Friday 14 March 2014

TV Licence Proposed “Decriminalisation”


Announcements from the UK Parliament about the proposed decriminalisation of so-called TV licence “evasion” has been a news item in the various media recently. Many readers would think that TV Licensing Watch would welcome such announcements from the UK Parliament. Unfortunately we do not. The first thing which drew our attention in the announcements from the UK Parliament was the main reason given for the proposed decriminalisation of TV licence "evasion". Namely, "to stop the clogging up of courts" by tv licence evasion prosecutions brought by BBC main TV Licensing™ contractor Capita BBC TV Licensing. In 2012 alone, 193,049 prosecutions yielding 164,932 convictions in courts of England and Wales according to the Ministry of Justice. TV Licensing Watch are not bothered in the least whether the courts of England and Wales are clogged up with tv licence "evasion" prosecutions. TV Licensing Watch are more bothered about the victims of the BBC and Capita BBC TV Licensing and the enforcement abuses that lead to prosecutions and more importantly that the "crime" of tv licence "evasion" even exists at all to be a prosecutable "offence". We believe that the UK Parliament would serve the interests of the UK electorate a hell of a lot better by being more concerned about those than whether the courts are clogged up by Capita BBC TV Licensing prosecutions brought on behalf of the BBC.

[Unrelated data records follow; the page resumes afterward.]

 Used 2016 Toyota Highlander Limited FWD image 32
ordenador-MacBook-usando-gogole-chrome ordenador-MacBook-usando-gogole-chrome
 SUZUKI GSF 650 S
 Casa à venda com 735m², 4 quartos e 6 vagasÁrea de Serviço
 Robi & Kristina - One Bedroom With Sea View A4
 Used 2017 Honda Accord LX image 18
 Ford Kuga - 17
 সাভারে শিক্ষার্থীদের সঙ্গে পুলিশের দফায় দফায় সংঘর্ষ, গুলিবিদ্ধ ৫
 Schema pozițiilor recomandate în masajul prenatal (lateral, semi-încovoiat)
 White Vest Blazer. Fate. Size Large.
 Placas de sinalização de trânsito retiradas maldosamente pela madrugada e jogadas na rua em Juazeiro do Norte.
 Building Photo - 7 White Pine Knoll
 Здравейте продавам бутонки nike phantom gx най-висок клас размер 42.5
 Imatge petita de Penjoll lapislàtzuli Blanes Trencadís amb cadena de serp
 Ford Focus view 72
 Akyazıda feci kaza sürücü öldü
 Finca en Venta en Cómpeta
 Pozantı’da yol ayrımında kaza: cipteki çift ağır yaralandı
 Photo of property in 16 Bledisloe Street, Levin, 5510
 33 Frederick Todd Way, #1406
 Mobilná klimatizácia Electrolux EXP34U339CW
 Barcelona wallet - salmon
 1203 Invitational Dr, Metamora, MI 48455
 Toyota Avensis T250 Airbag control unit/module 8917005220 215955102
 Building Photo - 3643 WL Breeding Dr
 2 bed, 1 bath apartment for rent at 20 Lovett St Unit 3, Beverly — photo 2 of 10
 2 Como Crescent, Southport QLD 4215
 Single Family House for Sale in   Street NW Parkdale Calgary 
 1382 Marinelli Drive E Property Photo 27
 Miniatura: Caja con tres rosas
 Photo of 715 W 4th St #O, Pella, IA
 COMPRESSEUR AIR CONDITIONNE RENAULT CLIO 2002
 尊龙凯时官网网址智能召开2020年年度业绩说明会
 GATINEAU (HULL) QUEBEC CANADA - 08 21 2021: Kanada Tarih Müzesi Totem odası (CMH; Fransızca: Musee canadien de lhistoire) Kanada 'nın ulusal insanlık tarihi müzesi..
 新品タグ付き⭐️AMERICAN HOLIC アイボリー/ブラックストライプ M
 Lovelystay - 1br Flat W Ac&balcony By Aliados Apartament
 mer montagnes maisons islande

Until the day he died, John Reith, first Director General of the BBC, believed the introduction of radio licensing and then television licensing were serious mistakes. He did not understand why people who did not and do not want to fund the BBC should ever have been subjected to investigation, enforcement and penalty. The British Broadcasting Corporation started out as the British Broadcasting Company. A notable feature of the British Broadcasting Company was that it was subscription funded. Subscription funding is the very inevitability that the British Broadcasting Corporation is currently fighting to delay. This is ironic since that is how its predecessor British Broadcasting Company was funded and subscription is also a very successful funding model for Sky and other television programme and media service providers. The dispute between John Reith and the Postmaster General at the time regarding subscription(Reith) versus licence fee(Postmaster General) and its outcome is a matter of historical record.

TV Licensing Watch has little difficulty in fully agreeing with John Reith. We do not understand why people who do not want to fund the BBC are subject to or ever should have been subjected to investigation, enforcement and penalty.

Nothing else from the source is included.